The problem
Copy every entry exactly as it stands, though any image it holds should stay out of the copy.

■ ■ ■ ■ ■

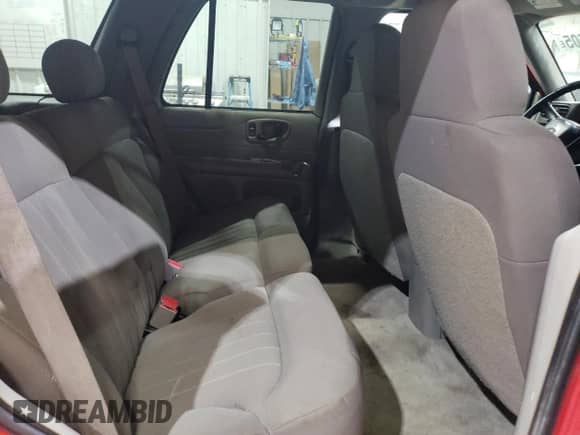 2004 Chevrolet Blazer LS with VIN 1GNDT13X24K162012, listed as a Copart auction lot 89273505 with 160,618 mi miles and Salvage title. Bid and sale history available at DreamBid. Image 11.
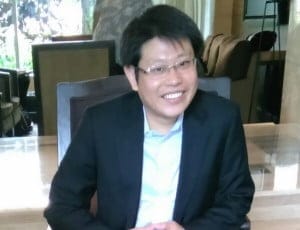 andre iswanto f5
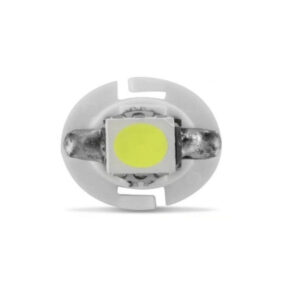 Lampada T5 B8.4D Branco Par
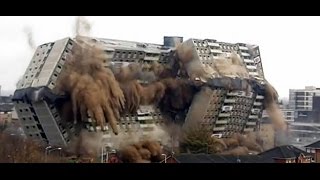 Watch Deadly disaster at Work - Amazing Videos Video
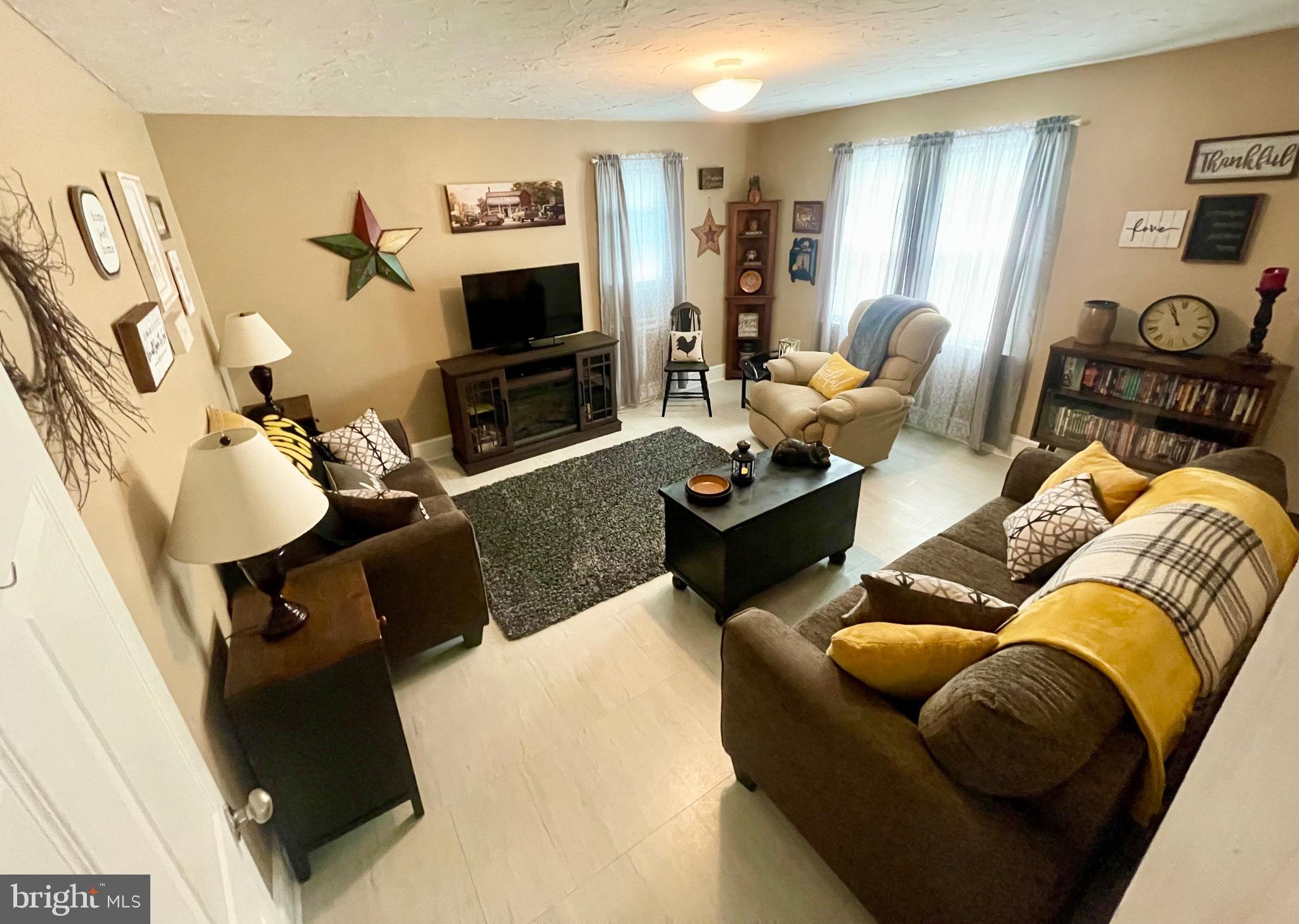 DOVER TWP - Residential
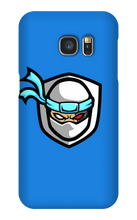 SuperTechPhoneCase (Samsung & Light Blue)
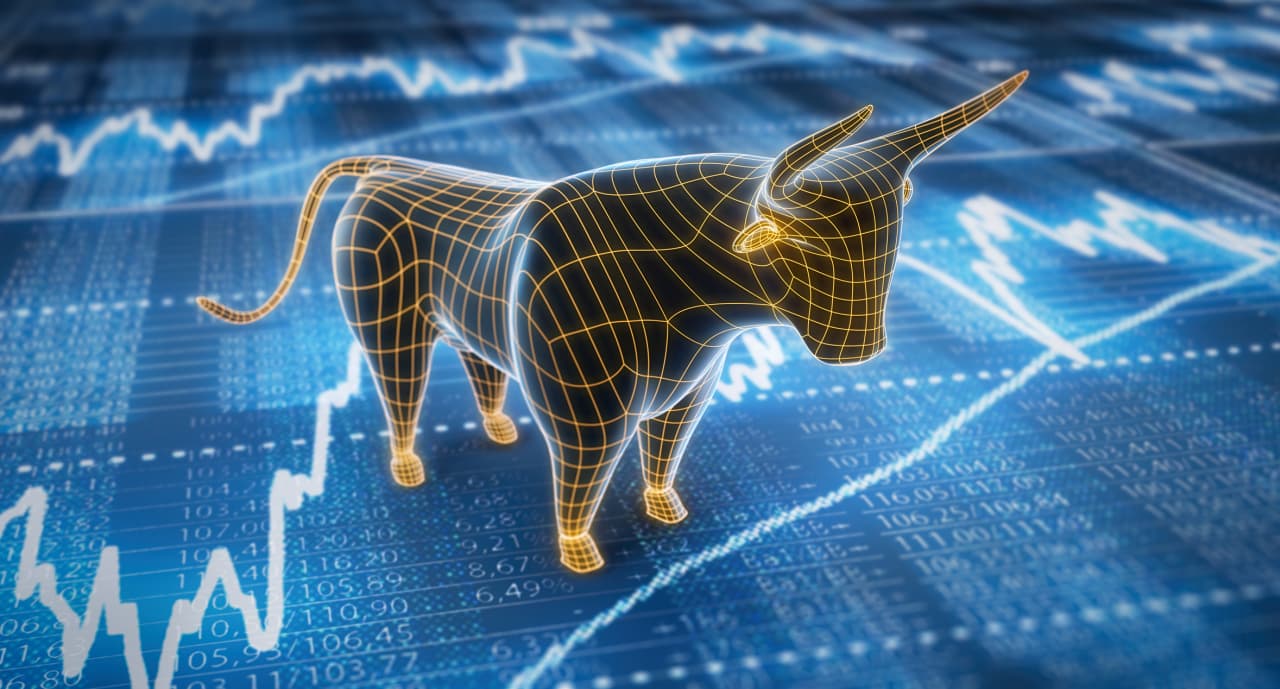 Source-feed image associated with The bull market faces higher likelihood of a Fed rate hike as Iran crisis intensifies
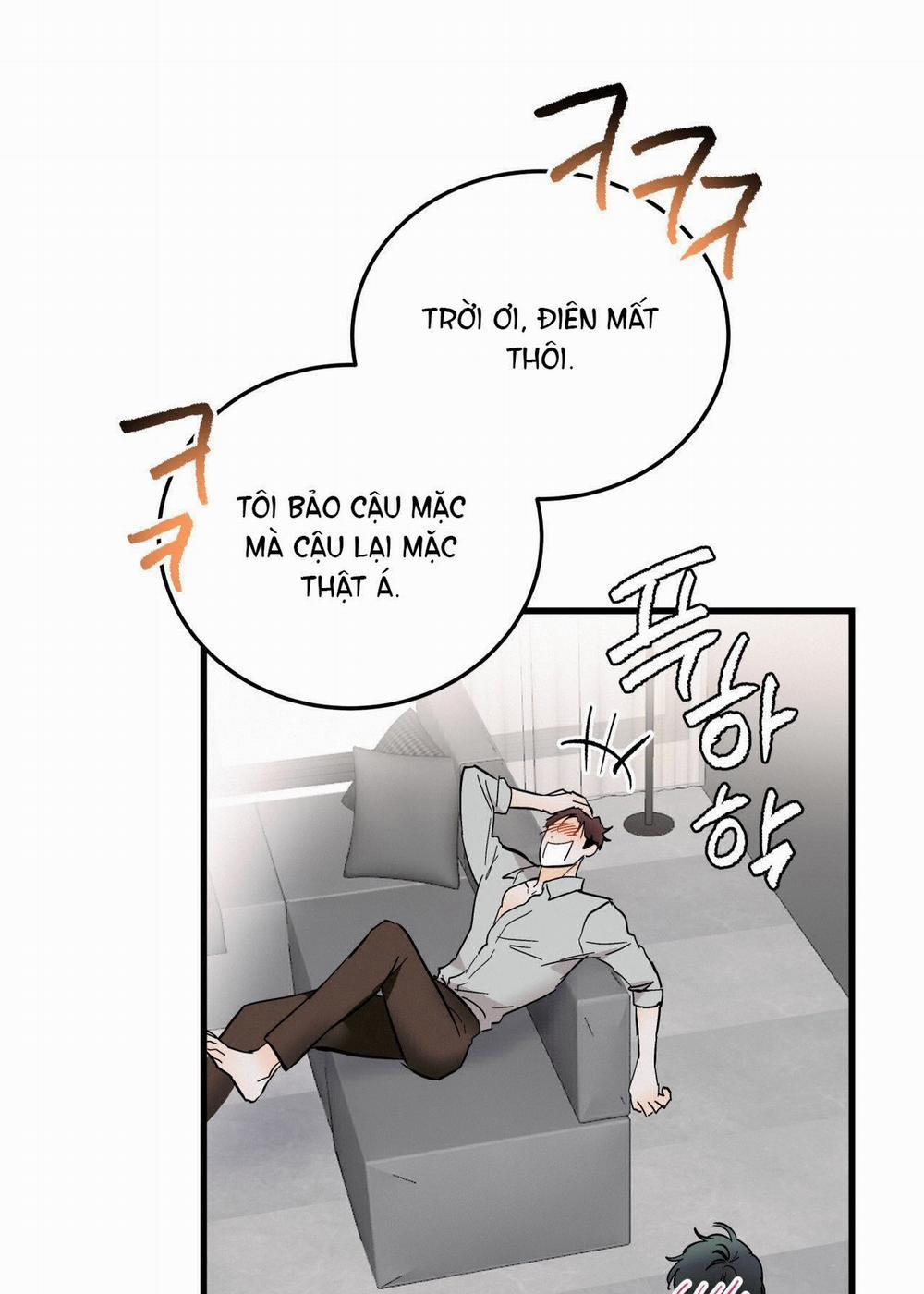 [18+] Lại Là Nói Dối 9.1 trang 12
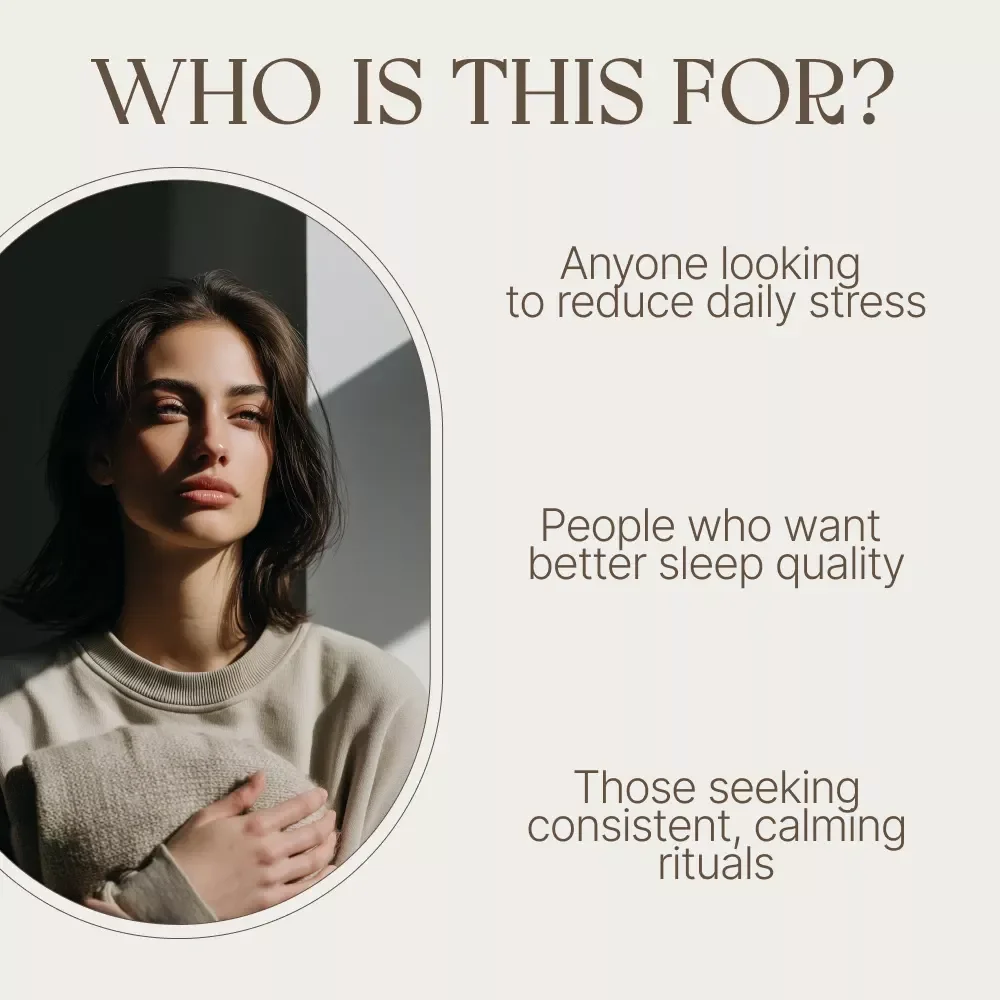How Gentle Listening Brings Peace to Your Day - A Soothing Relaxation Guide for Everyday Calm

■ ■ ■ ■ ■

Output below
 2004 Chevrolet Blazer LS with VIN 1GNDT13X24K162012, listed as a Copart auction lot 89273505 with 160,618 mi miles and Salvage title. Bid and sale history available at DreamBid. Image 11.
 andre iswanto f5
 Lampada T5 B8.4D Branco Par
 Watch Deadly disaster at Work - Amazing Videos Video
 DOVER TWP - Residential
 SuperTechPhoneCase (Samsung & Light Blue)
 Source-feed image associated with The bull market faces higher likelihood of a Fed rate hike as Iran crisis intensifies
 [18+] Lại Là Nói Dối 9.1 trang 12
How Gentle Listening Brings Peace to Your Day - A Soothing Relaxation Guide for Everyday Calm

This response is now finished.